Fix the coordinates of boundary vertices \(V_B\) determined by the map \(\phi \), which together form a convex n-sided polygon \(\Omega \) in the plane,

$$\begin{aligned} \begin{pmatrix}x_i \\ y_i\end{pmatrix} = \phi (v_i) =\begin{pmatrix}b^x_i \\ b^y_i\end{pmatrix},\ \ \quad v_i\in V_B. \end{aligned}$$

Step 3:

Solve the coordinates for interior vertices with boundary coordinates given by Step 2,

$$\begin{aligned} \sum _{j\in N(v_i)}\!\!w_{ij}\begin{pmatrix}x_j \\ y_j\end{pmatrix}=\begin{pmatrix}x_i \\ y_i\end{pmatrix},\ \ \quad v_i\in V_I. \end{aligned}$$

Step 4:

Put the vertices in the positions given by these coordinates, and connect the vertices with line segments based on the combinatorics of the triangulation T.

Theorem 2.1 states that the result is a geodesic triangulation of \(\Omega \) with the combinatorial type of T. The linear system in Step 3 implies that the x-coordinate (or y-coordinate) of one interior vertex is a convex combination of the x-coordinates (or y-coordinates) of its neighbors. The coefficient matrix of this system is not necessarily symmetric but it is diagonally dominant, so the solution exists and is unique. This procedure is called Tutte’s method.

This method has been generalized to surfaces with non-trivial topologies. Colin de Verdière [11] and Hass and Scott [18] showed that every triangulation of a closed surface with a metric of non-positive curvature can be realized as a geodesic triangulation. Gortler et al. [17] reproved Tutte’s theorem using discrete one forms and generalized it to the cases of flat tori and multiple-connected polygonal regions, with appropriate assumptions on the boundaries. Aigerman and Lipman [2] further extended this method to Euclidean orbifolds with spherical topology.

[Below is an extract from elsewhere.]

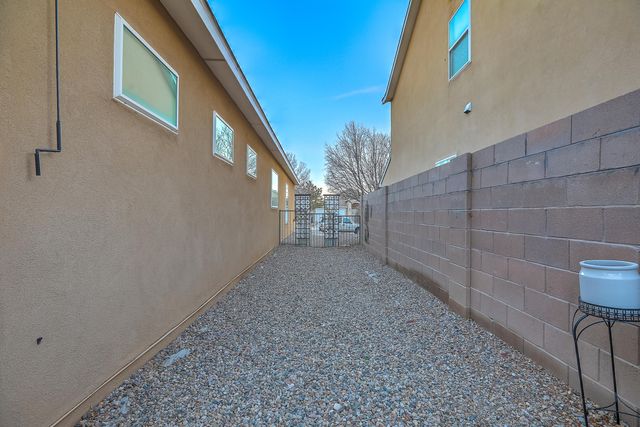 1042 Reynosa Loop SE, Rio Rancho, NM 87124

3 Geodesic Triangulations of the 2-Disk with Convex Boundary

In this section, we present a short proof of the contractibility of the space of geodesic triangulations on a convex polygon. Let us consider the topology of the space \(X(\Omega , T)\) where \(\Omega \) is a fixed convex polygon in the plane. Let \(E_I\) be the set of interior edges in T and \(E_B\) be the set of boundary edges in T.

Definition 3.1

Assume \(\Omega \) is a convex polygon with a triangulation T. A collection of weights, defined by a \(|V_I|\times |V|\) matrix \((w_{ij})\), is permissible if

• \(w_{ii} = 1\) for all \(i = 1, 2, \ldots , |V_I|\);

• \(w_{ij} = 0\) if \(v_i\) is not connected to \(v_j\);

• \(w_{ij} > 0\) if \(v_i\) is connected to \(v_j\);

• \(\sum _{j\in N(v_i)}w_{ij} = 1\) for each interior vertex \(v_i\).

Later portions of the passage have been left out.